Mountain Dew Mouth | Jackson Free Press | Jackson, MS

Mountain Dew Mouth

ABC's 20/20 is showing a special episode tonight at 9 PM CT called "A Hidden America: Children of the Mountains" which highlights poverty-stricken children of Appalachia. One of the many issues facing these children is rampant tooth decay and tooth loss. A Kentucky dentist, Dr. Edwin Smith, helps children in his area by offering free dental care in his mobile clinic. Dr. Smith blames a lot of the cavities he sees on excessive Mountain Dew consumption.

Central Appalachia is No. 1 in the nation in toothlessness. According to dentists, one of the main culprits is Mountain Dew soda.

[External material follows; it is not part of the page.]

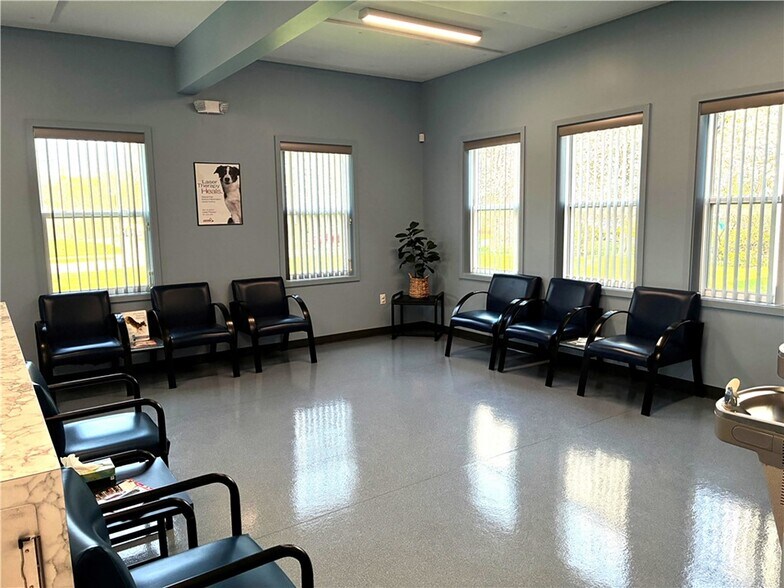More Photos Of 1055 Denise Rd, Greece Veterinarian Kennel For Sale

With 50 percent more caffeine than Coke or Pepsi, Mountain Dew seems to be used as a kind of anti-depressant for children in the hills.

Kids drink the soda in school, at football games and before going to bed at night. And drinking the sugary soda loaded with caffeine often starts early. Dentists speak about families who put soda in baby bottles.

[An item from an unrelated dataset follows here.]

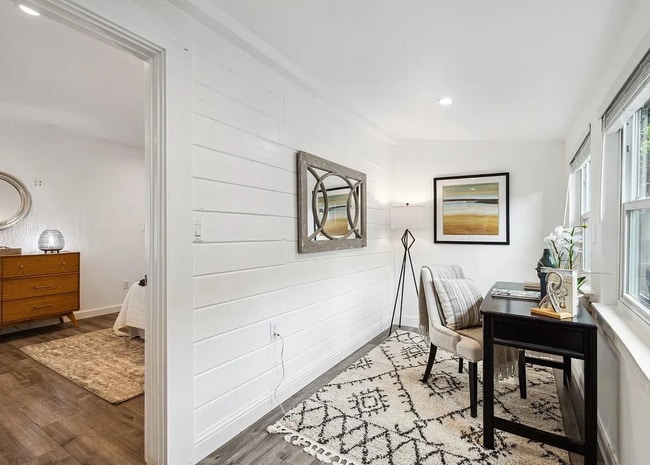 Building Photo - Renovated cottage on huge lot! This stylis...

"Other sodas, too," said Smith, "but Mountain Dew is unique because it has a lot of sugar and a lot of acid. If you're taking a drink every 20 minutes, that's like bathing the teeth in it all day."

"It's just rampant decay," adds Dr. Stacie Moore-Martin of the Mud Creek Clinic in Grethel, Ky. "People are addicted to Mountain Dew. It's terrible."

Pepsi, the makers of Mountain Dew, told ABC News in an initial statement that it's preposterous to blame soft drinks for dental decay, saying that raisins and cookies stay in the mouth longer. They added that a balanced diet and proper dental hygiene like flossing and brushing teeth after meals and snacks should prevent decay.

After a report on the topic aired on "Good Morning America" Thursday, Pepsi sent an additional statement saying that their products "consumed in moderation, can be part of a healthy, balanced diet."

They said the company is "continually expanding our offerings of healthier, more nutritious products" and that they "offer a wide range of sugar-free and caffeine-free products." They also said they are working with schools, non-profits and the government to educate people about healthier lifestyles. CLICK HERE for the full statement.

The dental dilemma in Kentucky is that nearly one out of every two of the state's children are enrolled in Medicaid, but barely a quarter of dentists accept the insurance. So for the Appalachian families on Medicaid, they often have few options when or if they want to see a dentist.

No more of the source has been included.